• Assignment
Repeat the span of the entries below that starts at the line with "Rosso di Valtellina DOC 0,75l" and ends at the line with "Allgaeu Residenz & Gmbh", nothing more. Skip the pictures.

• Material provided
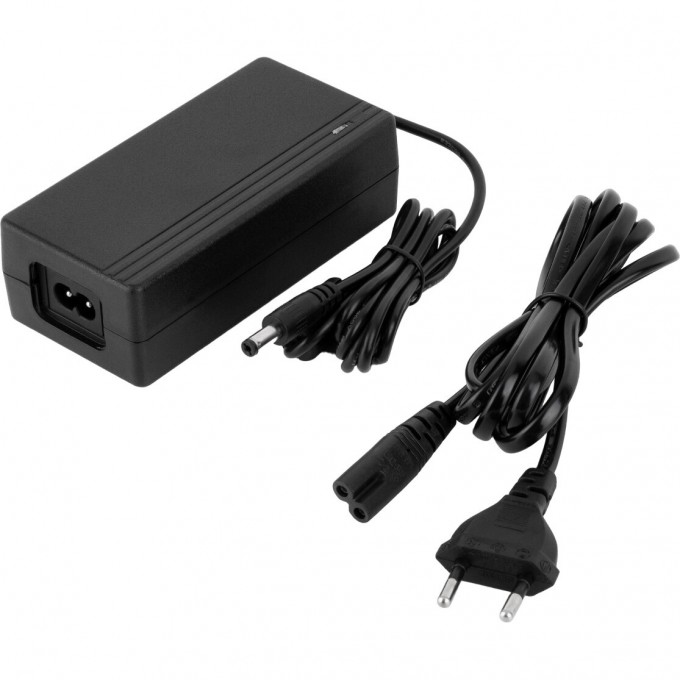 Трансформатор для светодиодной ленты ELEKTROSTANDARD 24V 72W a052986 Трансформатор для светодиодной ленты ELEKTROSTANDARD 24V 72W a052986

--

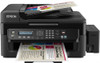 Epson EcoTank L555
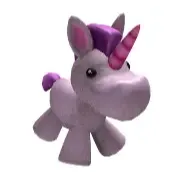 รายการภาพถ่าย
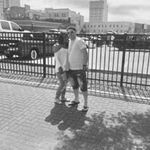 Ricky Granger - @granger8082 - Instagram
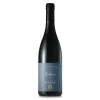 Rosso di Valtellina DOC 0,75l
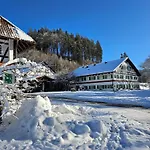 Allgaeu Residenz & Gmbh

• Answer space
 Rosso di Valtellina DOC 0,75l
 Allgaeu Residenz & Gmbh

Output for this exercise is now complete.